When a homeowner sells a property for less than what is owed their mortgage lender is responsible for sending them a 1099 for debt forgiveness income. In other words, the IRS has traditionally looked at any debt forgiven as income to the homeowner.


$300,000            Mortgage Balance subtracted by

$200,000            Proceeds from a Short Sale or REO sale

=$100,000         Loss to the mortgage company –Debt forgiven and thus taxable under the IRS debt forgiveness rules.

Several places exist in the tax code that allow the homeowner to legally avoid having to pay taxes on this debt forgiveness income.

The reason the 1099 is a financial trap is that some homeowners let  their fear of the 1099 keep them from moving forward. The first thing to know is that it only applies to qualified principle homes, meaning owner occupied.
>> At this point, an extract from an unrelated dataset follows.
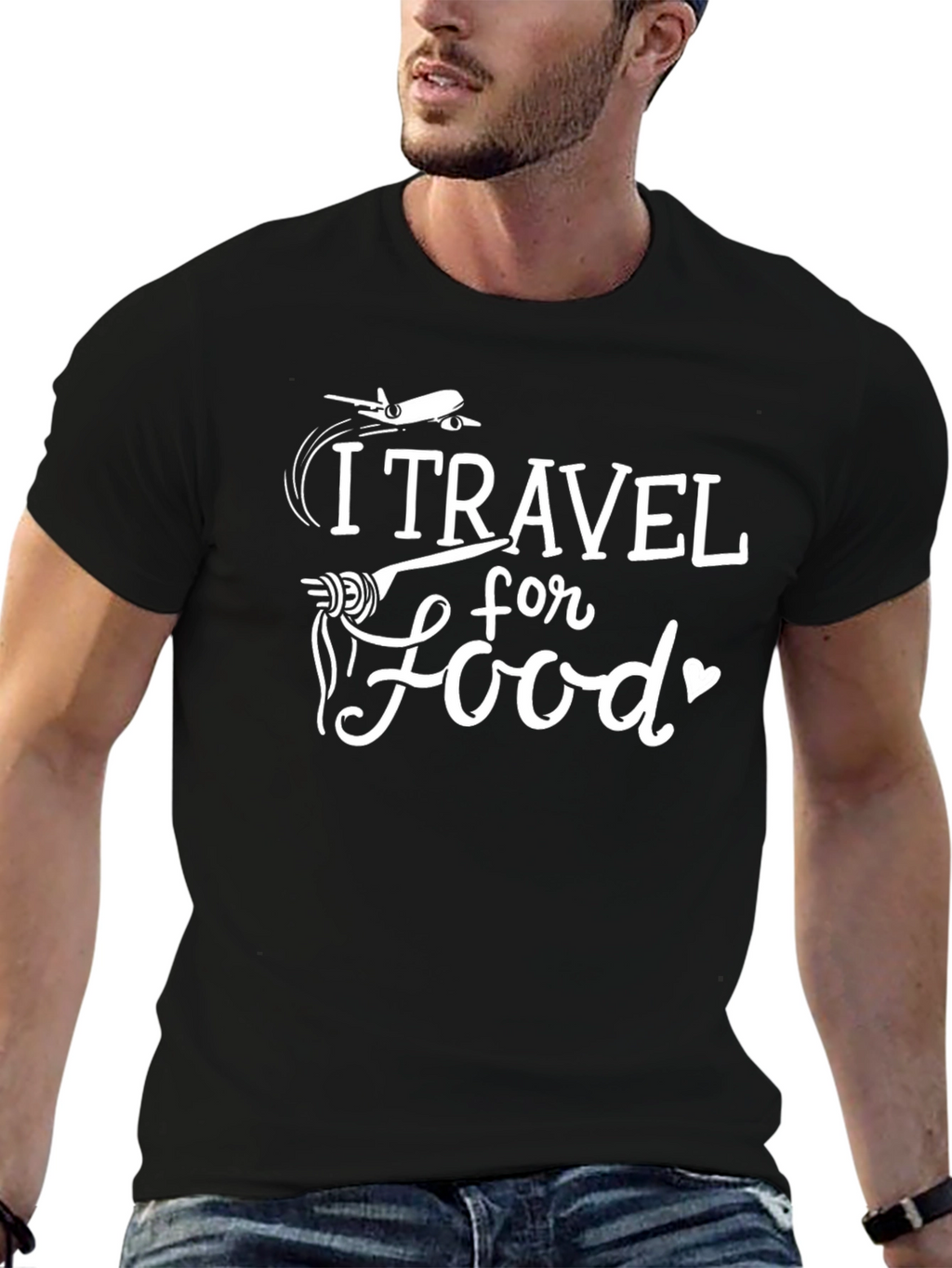 I Travel For Food T-Shirt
Second, “Acquisition Indebtedness” is no longer subject to taxation.

For example, if a homeowner borrows 350k from the bank to buy a  house, lives in it, and then sells it for a loss at 200k, the IRS would say that the homeowner had the benefit of a 150k gain and that he or she needed to pay taxes on this amount; however, if the money was used to buy that property and it was a principle residence, it no longer is seen as a taxable gain.

 Acquisition indebtedness can also mean “to build” the property: to buy   the land, pay the contractor, etc. It can also mean money for substantial improvements such as a remodel and rehab.

For most purposes, acquisition indebtedness is covered, unless you took money from a home equity loan, used part to rehab the house and the other part to take a trip to Bali, you now have a tax issue.

How much was used to improve the house?  How much was used for the vacation?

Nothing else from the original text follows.